Optimum Racing: A F1 Strategy Predictor using Reinforcement Learning

Abstract

Formula One race strategy optimization has traditionally relied on predefined heuristics and Monte Carlo simulations, which are computationally expensive and lack adaptability to live race conditions. While prior works have explored reinforcement learning (RL) in other motorsport categories, its application to Formula One strategy remains underdeveloped. This research introduces a reinforcement learning framework aimed at dynamically predicting tire compound choices after the summer break, addressing the gap in adaptive decision-making for in-race strategic planning. The proposed RL model employs a deep recurrent Q-network (DRQN) trained using a Monte Carlo race simulator. The state space incorporates critical race parameters such as tire degradation, gaps to competitors, and race progress, while the action space consists of tire compound selection and pit stop timing. A reward function, balancing immediate lap performance and long-term finishing position, guides the learning process. The model is further enhanced with explainability techniques, including feature importance analysis and decision tree-based surrogate models, to improve transparency and trust in automated strategy recommendations.

Introduction

Formula One (F1) is a high-cost, high-tech motorsport where race strategy—especially tire choice and pit stop timing—is critical since cars and drivers can’t be changed mid-race. Traditional strategy planning uses Monte Carlo simulations, which are computationally expensive, slow, and inflexible to real-time changes, and often lack interpretability.

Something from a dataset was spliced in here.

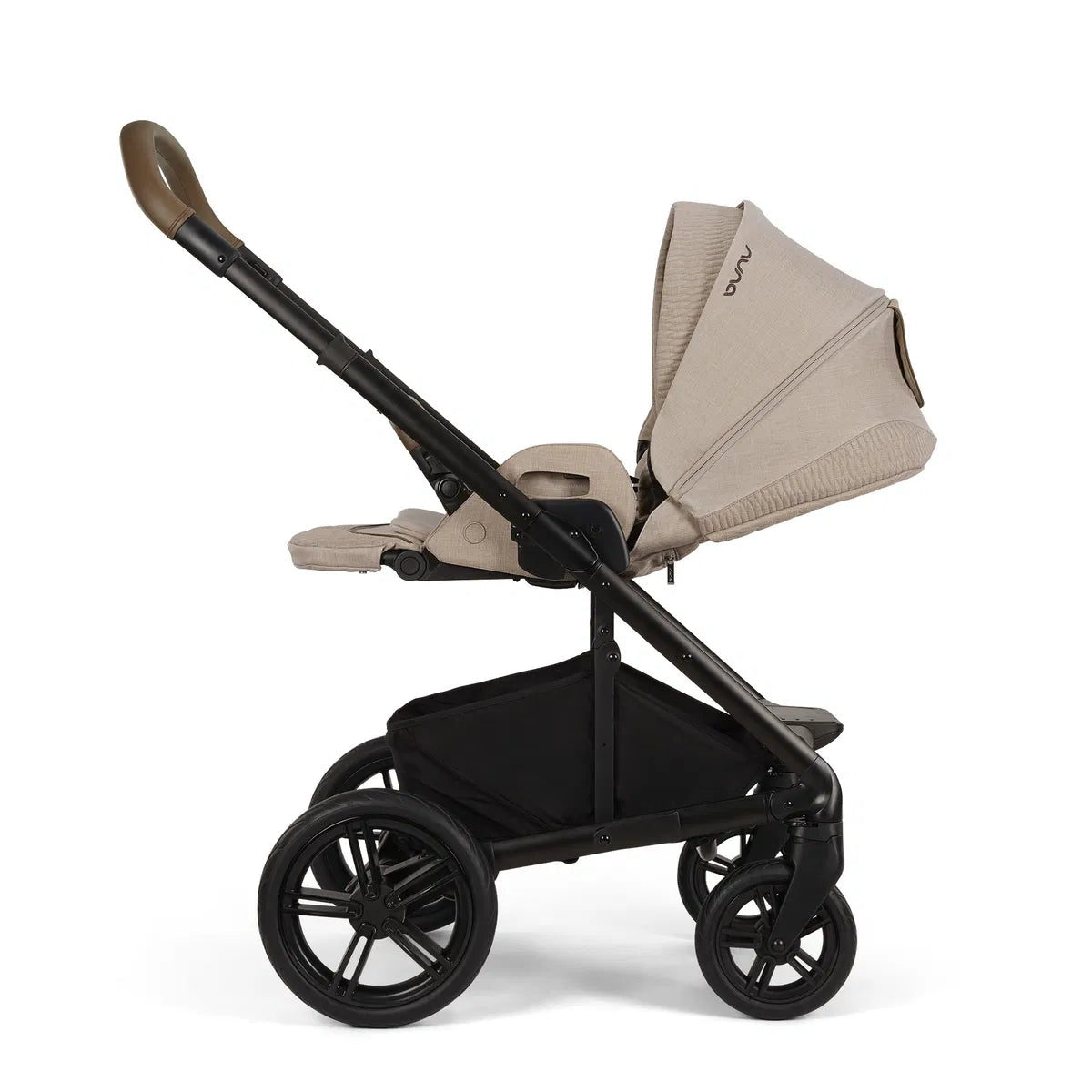 Nuna Mixx Next Cosmopolitan 2026 4in1 Bundle inkl. Arra Flex & Base Next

Advances in AI, especially reinforcement learning (RL), offer potential for dynamic, adaptive, and explainable race strategy optimization based on live data.

Literature Review

• Early F1 strategy models were deterministic and expert-based, evolving to simulations incorporating factors like tire wear, fuel, and probabilistic events (e.g., safety cars) via Monte Carlo methods.

• Machine learning methods, including deep neural networks, have been applied for predicting driver rankings, lap times, and race outcomes.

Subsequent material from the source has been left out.